# Aquariums



## sueb4653 (Aug 10, 2012)

Ok I've come to the conclusion that aquariums are not worth the effort I dont like having to put feeders in from the top and they dont seal. Even after putting window sealer foam inside and out hf can still escape hydei definitly can. I have resorted to putting masking tape all around the egde to keep the feeders inside. Today I fed and sealed only to realize that a ghost was still out (little bugger) so he is now in a deli cup. It seems top loaders are too easy for feeders and mantis to escape from. Think I'm going to have to find another suitable front loader for the ghosts.


----------



## frogparty (Aug 10, 2012)

exo terra or zoo med make great vivs


----------



## Crazy4mantis (Aug 10, 2012)

Yes my exoterra viv is excellent. But hydeis can still get out easy. Hfs usually stay in. They are glass/mesh w/ front open for feeding. Top opens for cleaning. The bottom few inces under the door are sealed, so water and bedding doesn't escape. The front vent, mesh top, and door don't hold in tiny food.


----------



## hibiscusmile (Aug 10, 2012)

FRUIT flies are a problem, I used regular screen on my top and have to set something heavy on it if feeding babies, other wise it is good to go!


----------



## Bug Trader (Aug 10, 2012)

FF almost always climb up and work their way out of a screen lid, I found it much easier to just turn the tank on its side and make front doors... I have far less escapees and you can use the screen kits and no seeum mesh to make it rather ff proof. I hot glue or epoxy hinges to the frame and screen and a simple lock and its good to go. there are some advanced things as well that require glass drilling. Here is one of the 75 gals we are building for raising the idolos.

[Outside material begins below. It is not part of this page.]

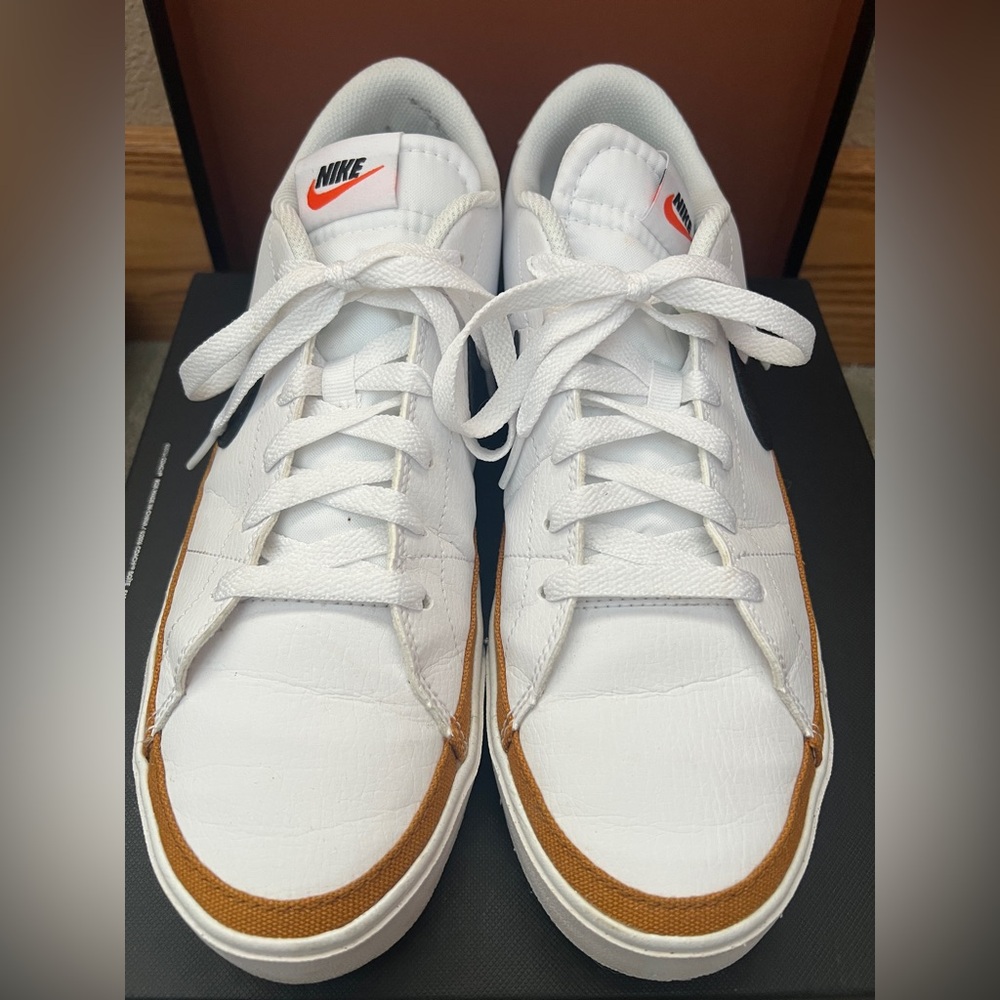 Nike Court Legacy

I actually prefer the aquariums, they are easy to modify, cheap when the dollar per gallon sales not to mention I have 50+ sitting around that were dart frog vivs. For more arid species you can still manage dry or hot conditions with air circulation as well as keep it humid not to mention when they are done right they are a visual +. This ones still missing a substrate dam and a few other things.


----------



## frogparty (Aug 10, 2012)

Looking good though!!! Lots of up/down access from floor to ceiling, which seems very important


----------



## Orin (Aug 11, 2012)

Did you glue screen or other grippable material across the side (now top) so they can hang upsidedown?


----------



## Rick (Aug 11, 2012)

Generally aquariums and fruit flies don't go together. Rear mantids in smaller containers until large enough to not need fruit flies. At that point you can move them over.


----------



## Bug Trader (Aug 11, 2012)

Orin said:


> Did you glue screen or other grippable material across the side (now top) so they can hang upsidedown?


I did glue screen in over a series of 1/8" beads of caulk so it wasnt flush mounted to the new top. This one is holding 40 nymphs right now, There is a new materiral that Ive found that seems perfect for lining the tops of vivs with for the larger mantids. It is also a 1/4'' thick breathable material that will allow light to pass through. If it works out I will share. The L5's are liking it so far.

My original point was the way the aquarium is used, The FF for the most part head straight up when dumped in, this setup has done well to limit escapees and if you use the no-see-um mess or screen on the new doors it pretty much fixes the issue.


----------